PEP: 269
Title: Pgen Module for Python
Version: $Revision: 1865 $
Last-Modified: $Date: 2004-08-18 04:56:16 -0700 (Wed, 18 Aug 2004) $
Author: Jonathan Riehl <jriehl at spaceship.com>
Status: Deferred
Type: Standards Track
Created: 24-Aug-2001
Python-Version: 2.2
Post-History: 

Abstract

    Much like the parser module exposes the Python parser, this PEP
    proposes that the parser generator used to create the Python
    parser, pgen, be exposed as a module in Python.


Rationale

    Through the course of Pythonic history, there have been numerous
    discussions about the creation of a Python compiler [1].  These
    have resulted in several implementations of Python parsers, most
    notably the parser module currently provided in the Python
    standard library[2] and Jeremy Hylton's compiler module[3].
    However, while multiple language changes have been proposed
    [4][5], experimentation with the Python syntax has lacked the
    benefit of a Python binding to the actual parser generator used to
    build Python.

    By providing a Python wrapper analogous to Fred Drake Jr.'s parser
    wrapper, but targeted at the pgen library, the following
    assertions are made:

    1. Reference implementations of syntax changes will be easier to
       develop.  Currently, a reference implementation of a syntax
       change would require the developer to use the pgen tool from
       the command line.  The resulting parser data structure would
       then either have to be reworked to interface with a custom
       CPython implementation, or wrapped as a C extension module.

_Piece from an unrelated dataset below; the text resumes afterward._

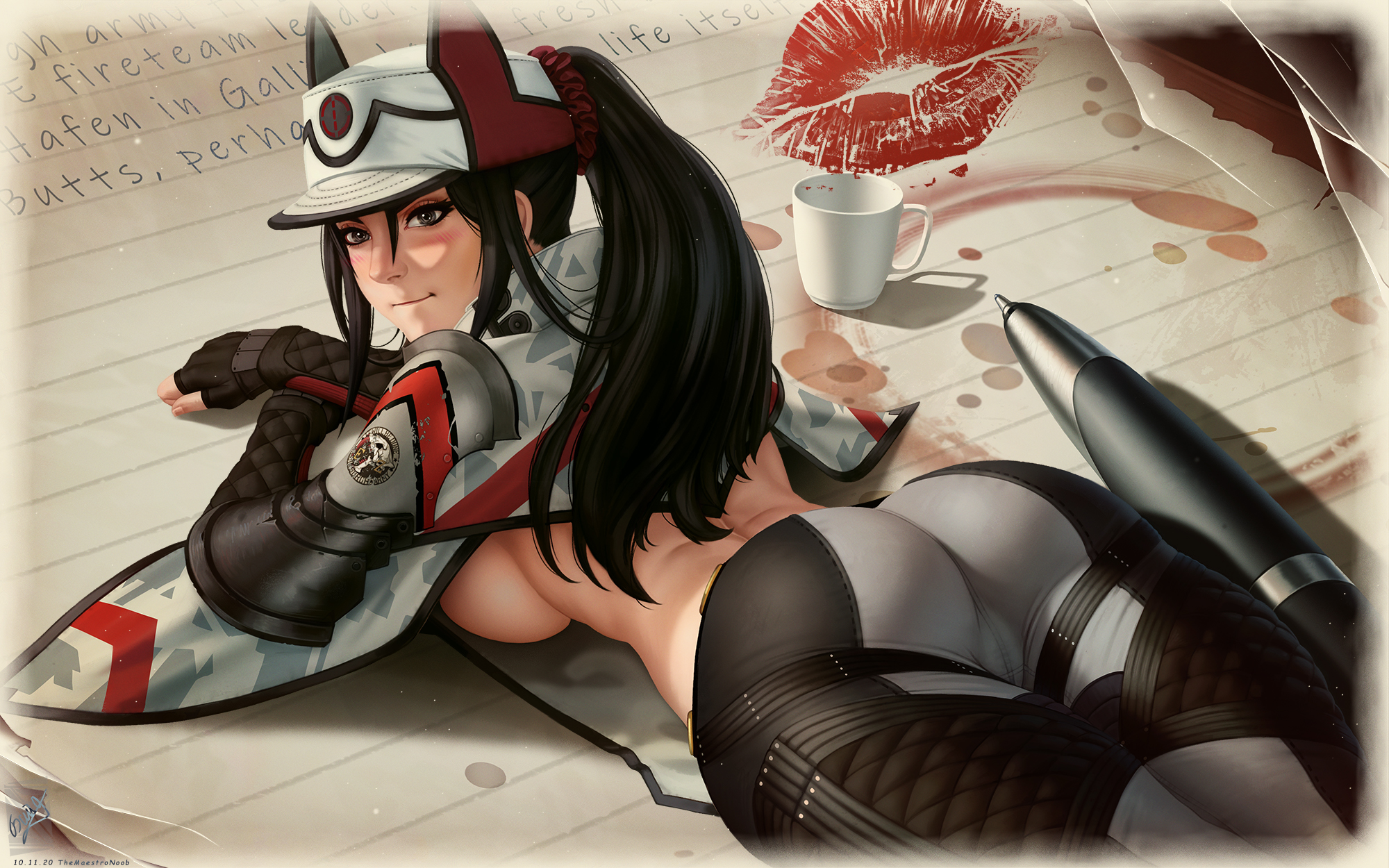 1girls, ass, blush, breasts, cameltoe, clothing, female, female only, kai schulen, large ass, large breasts, looking at viewer, looking back, pussy, solo, themaestronoob, topless, underboob, valkyria chronicles, valkyria chronicles 4, wide hips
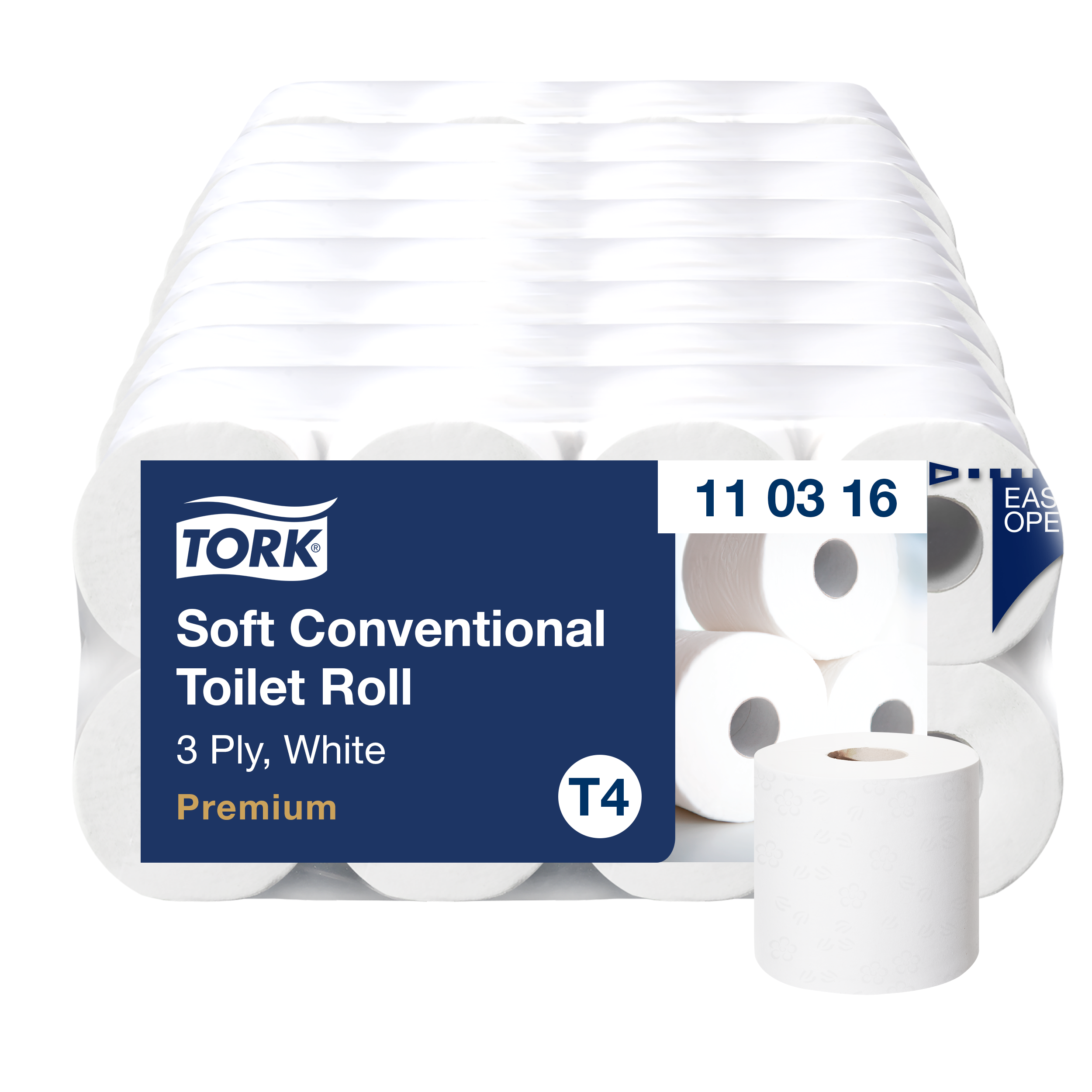 Tork - Weiches Kleinrollen-Toilettenpapier, 3-lagig, weiß, T4, 72 x 250 Blatt, 110316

    2. Reference implementations of syntax changes will be easier to
       distribute.  Since the parser generator will be available in
       Python, it should follow that the resulting parser will
       accessible from Python.  Therefore, reference implementations
       should be available as pure Python code, versus using custom
       versions of the existing CPython distribution, or as compilable
       extension modules.

    3. Reference implementations of syntax changes will be easier to
       discuss with a larger audience.  This somewhat falls out of the
       second assertion, since the community of Python users is most
       likely larger than the community of CPython developers.

    4. Development of small languages in Python will be further
       enhanced, since the additional module will be a fully
       functional LL(1) parser generator.


Specification

    The proposed module will be called pgen.  The pgen module will
    contain the following functions:

    parseGrammarFile (fileName) -> AST
        The parseGrammarFile() function will read the file pointed to
        by fileName and create an AST object.  The AST nodes will
        contain the nonterminal, numeric values of the parser
        generator meta-grammar.  The output AST will be an instance of
        the AST extension class as provided by the parser module.
        Syntax errors in the input file will cause the SyntaxError
        exception to be raised.

    parseGrammarString (text) -> AST
        The parseGrammarString() function will follow the semantics of
        the parseGrammarFile(), but accept the grammar text as a
        string for input, as opposed to the file name.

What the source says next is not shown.